Mackerel. It took me a few days of water changes to clear the oil.


----------



## Guest (Apr 20, 2006)

My finger.

I was vaccuuming out my Spilo's tank one day and the little bastard lashed out and bit my finger.








It was a small, crescent-shaped cut, but it bled profusely for two days!


----------



## b_ack51 (Feb 11, 2003)

Ex-girlfriend.

We got into a fight and I threw her into the tank. Later I found out what we were fighting about wasn't that important and then realized it was too late.


----------



## spoondc2 (Oct 29, 2005)

worst i fed my reds are hamster , wounded but live small birds and red pepper dip on bloodworms . i was gonna feed a rabbit but it was too big for 4 reds to consume .next is prolly baby cats


----------



## C0Rey (Jan 7, 2006)

a long time ago i had some 2 inch reds and in another tank a 5 inch oscar. there were about 10 reds. i put the oscar in and it attacked some of the reds, but while it charged one some others would go for its belly and fins, the oscar fought for a long time, guts hanging out.
mind i was a kid at the time, wouldnt do anything like that now!


----------



## MONGO  (Feb 7, 2006)

just feeder goldfish for me


----------



## kelrx8 (Apr 1, 2006)

spoondc2 said:


> worst i fed my reds are hamster , wounded but live small birds and red pepper dip on bloodworms . i was gonna feed a rabbit but it was too big for 4 reds to consume .next is prolly baby cats


you take the cake with that red pepper thread


----------



## scent troll (Apr 4, 2005)

goldfish. the only fatality i ever had. and it was a rhombeus. this was when i was new to the hobby of piranha. what a beauty this rhomb was too! 
my reds have always been easy to feed. i got desperate like a lot of newbies might with a stubborn rhomb and threw in some unquarantined golds...took just over a day for illness to set in.


----------



## the_w8 (Jul 28, 2003)

prolly goldfish...tank clouded like hell and smelled real bad....nothing was lost and it took bout a damn month for the tank to finally clear.....Reminds of why I don't like feeding LIVE ANIMALS to my piranhas......


----------



## Fry (Oct 9, 2005)

plastic plants.


----------



## ___ (Feb 19, 2006)

...umm...well....maybe a marble ok a few marbles.....i put a bunch of them on the bottom of my tank all over the HOLE tank.....now theres none in the corner that my P likes to hang out in...and there a few marbles with teeth marks all over them not sure to be honest though he may have just moved them


----------



## the_w8 (Jul 28, 2003)

marbles are good for there health


----------



## bmpower007 (Feb 11, 2005)

Couple of Fs puffers(In in the game) there lips were all black and they were floating around in an angle for 1 day. But they made it very tough and unique fish.


----------



## Joga Bonito (Oct 30, 2004)

a gsp.


----------



## ___ (Feb 19, 2006)

> marbles are good for there health


yes...but you have to know when to stop....to many isnt healthy haha


----------



## Mettle (Dec 29, 2003)

I have no regrets in terms of the live feedings I've done. Though it's only been tetras and rosies.
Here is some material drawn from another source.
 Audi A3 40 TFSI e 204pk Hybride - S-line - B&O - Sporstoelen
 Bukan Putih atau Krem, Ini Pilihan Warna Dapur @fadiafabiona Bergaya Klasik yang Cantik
I guess the one mistake was putting in too many feeders at once. They made the tank messier than normal.


----------



## humpy_3 (Feb 28, 2006)

kelrx8 said:


> worst i fed my reds are hamster , wounded but live small birds and red pepper dip on bloodworms . i was gonna feed a rabbit but it was too big for 4 reds to consume .next is prolly baby cats


you take the cake with that red pepper thread








[/quote]

i bet the hamster was a mess but the red pepper thread did take the cake i agree


----------



## blazednosferatu (Feb 27, 2006)

goldfish and guppies, killed 6 2inch reds, o and spoondc2 if you feed your p's baby cats your just crazy mofo who needs to be locked up


----------



## tnpeter (Dec 17, 2005)

blazednosferatu said:


> goldfish and guppies, killed 6 2inch reds, o and spoondc2 if you feed your p's baby cats your just crazy mofo who needs to be locked up


i must say a big spider i found in my house, my smallest rbp ate it


----------



## [email protected]° (Jun 16, 2004)

spoondc2 said:


> worst i fed my reds are hamster , wounded but live small birds and red pepper dip on bloodworms . i was gonna feed a rabbit but it was too big for 4 reds to consume .next is prolly baby cats












No need to prove me wrong... please!!


----------



## Hater (Apr 21, 2006)

Man when i first started I use to feed my rbl ham, turkey, goldfish. And what killed my first piranhas was feeding them chicken liver for a week. The water got so bad that even a couple of water change couldnt clean it.

Now I stay away from that stuff and feed them calamaries, shrimp, pellets and fish.

Hater


----------



## bjmarche (Jun 30, 2005)

An Oscar.
They tore him to shreds, it was cool to watch, but Oscars are way too cool to feed to Piranha.


----------



## MR.FREEZ (Jan 26, 2004)

gold fish or left over turkey from thanksgiving

before coming to this site


----------



## fliptasciouz (Jul 4, 2004)

sardines, its such a mess!!


----------



## faebo_tarzan (Jun 5, 2005)

Had 8 rbs a couple of years ago. When I got snails I bought two blowfish (the store owner said it was fine) to get rid of the snails. My piranhas ate them and got poisoned and 2 of them eventually died. I was so MAAAAD







at that fishowner afterwards, and myself for getting tricked.



bmpower007 said:


> Couple of Fs puffers(In in the game) there lips were all black and they were floating around in an angle for 1 day. But they made it very tough and unique fish.


Welcome to the club







happend to me to


----------



## alan (Mar 11, 2004)

RB 32 said:


> Live chicks!!!


no way !!!!


----------